Stored data

■ ■ ■ ■ ■ ■ ■

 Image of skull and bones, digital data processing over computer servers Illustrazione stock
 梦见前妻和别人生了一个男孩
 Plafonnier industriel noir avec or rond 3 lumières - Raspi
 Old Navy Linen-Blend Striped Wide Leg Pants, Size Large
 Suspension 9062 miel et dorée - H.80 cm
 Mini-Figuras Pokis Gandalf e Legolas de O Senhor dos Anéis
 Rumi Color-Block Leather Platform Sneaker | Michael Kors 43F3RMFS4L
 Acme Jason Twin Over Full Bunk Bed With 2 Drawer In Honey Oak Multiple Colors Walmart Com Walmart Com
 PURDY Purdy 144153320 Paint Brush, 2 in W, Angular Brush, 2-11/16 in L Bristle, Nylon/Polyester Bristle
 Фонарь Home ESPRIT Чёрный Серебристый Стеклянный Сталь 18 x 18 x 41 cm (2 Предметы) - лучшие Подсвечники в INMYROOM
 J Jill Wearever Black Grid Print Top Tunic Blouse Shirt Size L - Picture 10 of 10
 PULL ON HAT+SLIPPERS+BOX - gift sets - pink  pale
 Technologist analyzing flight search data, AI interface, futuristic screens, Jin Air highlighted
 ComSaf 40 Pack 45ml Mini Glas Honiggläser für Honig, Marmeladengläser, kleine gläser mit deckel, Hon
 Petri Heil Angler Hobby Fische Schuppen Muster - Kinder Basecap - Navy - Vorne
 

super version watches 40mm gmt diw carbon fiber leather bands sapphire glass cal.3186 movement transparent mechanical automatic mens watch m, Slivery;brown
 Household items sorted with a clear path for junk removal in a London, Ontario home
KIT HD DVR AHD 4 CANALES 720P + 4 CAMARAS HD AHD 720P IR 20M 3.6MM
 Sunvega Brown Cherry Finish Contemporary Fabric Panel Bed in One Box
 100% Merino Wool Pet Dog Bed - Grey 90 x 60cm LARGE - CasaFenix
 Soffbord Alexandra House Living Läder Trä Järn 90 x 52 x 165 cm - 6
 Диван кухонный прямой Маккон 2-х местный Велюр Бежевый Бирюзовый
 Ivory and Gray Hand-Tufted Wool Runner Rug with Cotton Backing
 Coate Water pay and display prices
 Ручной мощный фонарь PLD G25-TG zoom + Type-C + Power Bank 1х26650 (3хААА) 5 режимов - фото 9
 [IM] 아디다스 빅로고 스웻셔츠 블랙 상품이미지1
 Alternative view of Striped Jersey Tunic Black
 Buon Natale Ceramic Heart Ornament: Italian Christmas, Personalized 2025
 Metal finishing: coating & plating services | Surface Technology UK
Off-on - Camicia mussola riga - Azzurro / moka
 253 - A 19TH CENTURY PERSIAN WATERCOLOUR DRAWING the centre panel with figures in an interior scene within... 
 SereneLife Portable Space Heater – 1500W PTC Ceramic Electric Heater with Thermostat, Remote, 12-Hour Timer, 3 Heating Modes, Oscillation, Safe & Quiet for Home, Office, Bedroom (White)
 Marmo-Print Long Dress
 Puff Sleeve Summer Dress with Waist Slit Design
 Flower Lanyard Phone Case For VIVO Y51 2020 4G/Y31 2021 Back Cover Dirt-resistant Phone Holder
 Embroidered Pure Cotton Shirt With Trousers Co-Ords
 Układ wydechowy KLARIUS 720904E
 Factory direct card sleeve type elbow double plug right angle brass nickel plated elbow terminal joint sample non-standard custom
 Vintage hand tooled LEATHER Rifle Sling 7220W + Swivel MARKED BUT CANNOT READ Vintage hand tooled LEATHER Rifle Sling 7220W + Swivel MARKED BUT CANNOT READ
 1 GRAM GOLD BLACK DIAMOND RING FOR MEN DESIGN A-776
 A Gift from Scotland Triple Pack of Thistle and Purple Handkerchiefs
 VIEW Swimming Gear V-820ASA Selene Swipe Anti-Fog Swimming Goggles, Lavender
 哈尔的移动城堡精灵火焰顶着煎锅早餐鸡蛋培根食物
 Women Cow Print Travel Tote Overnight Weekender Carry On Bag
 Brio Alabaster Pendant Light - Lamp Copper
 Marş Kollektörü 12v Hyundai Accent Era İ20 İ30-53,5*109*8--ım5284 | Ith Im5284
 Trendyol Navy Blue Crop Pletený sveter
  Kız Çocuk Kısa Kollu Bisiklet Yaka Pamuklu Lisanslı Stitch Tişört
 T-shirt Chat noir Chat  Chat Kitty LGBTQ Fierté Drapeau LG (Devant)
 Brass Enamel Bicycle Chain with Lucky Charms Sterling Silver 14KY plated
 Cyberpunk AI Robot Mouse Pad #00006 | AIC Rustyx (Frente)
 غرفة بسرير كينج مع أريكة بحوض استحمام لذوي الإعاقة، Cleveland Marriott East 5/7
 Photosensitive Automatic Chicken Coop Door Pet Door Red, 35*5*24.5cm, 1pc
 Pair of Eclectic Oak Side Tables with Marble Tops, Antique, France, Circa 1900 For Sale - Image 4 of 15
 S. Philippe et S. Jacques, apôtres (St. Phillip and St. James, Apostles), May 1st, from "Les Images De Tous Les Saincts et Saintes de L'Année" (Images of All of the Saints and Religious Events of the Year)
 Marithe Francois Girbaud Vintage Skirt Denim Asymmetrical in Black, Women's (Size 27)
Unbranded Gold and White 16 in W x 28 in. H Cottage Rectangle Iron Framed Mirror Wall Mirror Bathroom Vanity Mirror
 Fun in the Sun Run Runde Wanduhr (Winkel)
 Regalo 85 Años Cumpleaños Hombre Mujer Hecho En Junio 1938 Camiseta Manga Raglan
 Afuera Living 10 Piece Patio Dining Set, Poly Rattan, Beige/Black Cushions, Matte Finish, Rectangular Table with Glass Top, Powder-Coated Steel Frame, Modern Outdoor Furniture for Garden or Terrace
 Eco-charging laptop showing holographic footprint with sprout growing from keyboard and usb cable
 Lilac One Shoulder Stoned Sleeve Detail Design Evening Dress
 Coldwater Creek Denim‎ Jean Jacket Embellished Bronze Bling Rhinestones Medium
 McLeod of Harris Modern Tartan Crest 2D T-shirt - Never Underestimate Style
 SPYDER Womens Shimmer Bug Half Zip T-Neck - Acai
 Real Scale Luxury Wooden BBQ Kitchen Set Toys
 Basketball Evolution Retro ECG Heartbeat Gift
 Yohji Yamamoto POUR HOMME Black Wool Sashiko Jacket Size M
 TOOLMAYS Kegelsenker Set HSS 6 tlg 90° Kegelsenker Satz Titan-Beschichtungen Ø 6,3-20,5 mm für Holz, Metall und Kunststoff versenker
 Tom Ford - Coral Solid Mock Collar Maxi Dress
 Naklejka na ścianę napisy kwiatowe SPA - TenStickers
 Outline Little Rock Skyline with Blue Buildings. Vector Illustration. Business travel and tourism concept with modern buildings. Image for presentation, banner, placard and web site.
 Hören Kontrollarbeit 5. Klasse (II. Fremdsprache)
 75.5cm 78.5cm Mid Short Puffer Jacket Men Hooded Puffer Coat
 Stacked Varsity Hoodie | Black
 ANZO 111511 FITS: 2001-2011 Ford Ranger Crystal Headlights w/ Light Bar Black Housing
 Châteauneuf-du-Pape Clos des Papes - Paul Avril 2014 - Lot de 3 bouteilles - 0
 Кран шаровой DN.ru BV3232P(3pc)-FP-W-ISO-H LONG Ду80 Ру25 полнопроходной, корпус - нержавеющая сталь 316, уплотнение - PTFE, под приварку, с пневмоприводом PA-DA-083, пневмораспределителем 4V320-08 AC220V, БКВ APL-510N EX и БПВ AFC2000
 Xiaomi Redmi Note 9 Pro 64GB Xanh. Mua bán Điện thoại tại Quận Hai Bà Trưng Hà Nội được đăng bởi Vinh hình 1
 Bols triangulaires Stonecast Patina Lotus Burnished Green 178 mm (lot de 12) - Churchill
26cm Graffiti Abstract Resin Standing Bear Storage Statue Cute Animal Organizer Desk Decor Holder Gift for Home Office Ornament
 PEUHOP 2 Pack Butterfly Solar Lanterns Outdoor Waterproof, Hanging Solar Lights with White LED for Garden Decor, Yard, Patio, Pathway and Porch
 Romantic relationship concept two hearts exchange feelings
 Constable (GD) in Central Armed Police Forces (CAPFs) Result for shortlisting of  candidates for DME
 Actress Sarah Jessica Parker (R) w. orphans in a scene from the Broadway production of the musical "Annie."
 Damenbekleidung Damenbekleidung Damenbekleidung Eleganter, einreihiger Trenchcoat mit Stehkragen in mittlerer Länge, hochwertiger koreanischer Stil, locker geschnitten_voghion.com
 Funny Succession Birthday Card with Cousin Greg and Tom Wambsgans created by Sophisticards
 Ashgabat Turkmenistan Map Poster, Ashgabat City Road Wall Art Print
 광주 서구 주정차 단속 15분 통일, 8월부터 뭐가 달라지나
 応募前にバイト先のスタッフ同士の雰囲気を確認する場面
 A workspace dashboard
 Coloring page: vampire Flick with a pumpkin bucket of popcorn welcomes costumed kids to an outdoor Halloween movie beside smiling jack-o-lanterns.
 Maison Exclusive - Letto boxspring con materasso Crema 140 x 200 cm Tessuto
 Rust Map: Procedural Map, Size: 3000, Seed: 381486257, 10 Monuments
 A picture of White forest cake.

■ ■ ■ ■ ■ ■ ■

→ PROBLEM DETAILS
All lines above that hold the string "Dress" should be copied.

→ WRITTEN ANSWER
 Marmo-Print Long Dress
 Puff Sleeve Summer Dress with Waist Slit Design
 Lilac One Shoulder Stoned Sleeve Detail Design Evening Dress
 Tom Ford - Coral Solid Mock Collar Maxi Dress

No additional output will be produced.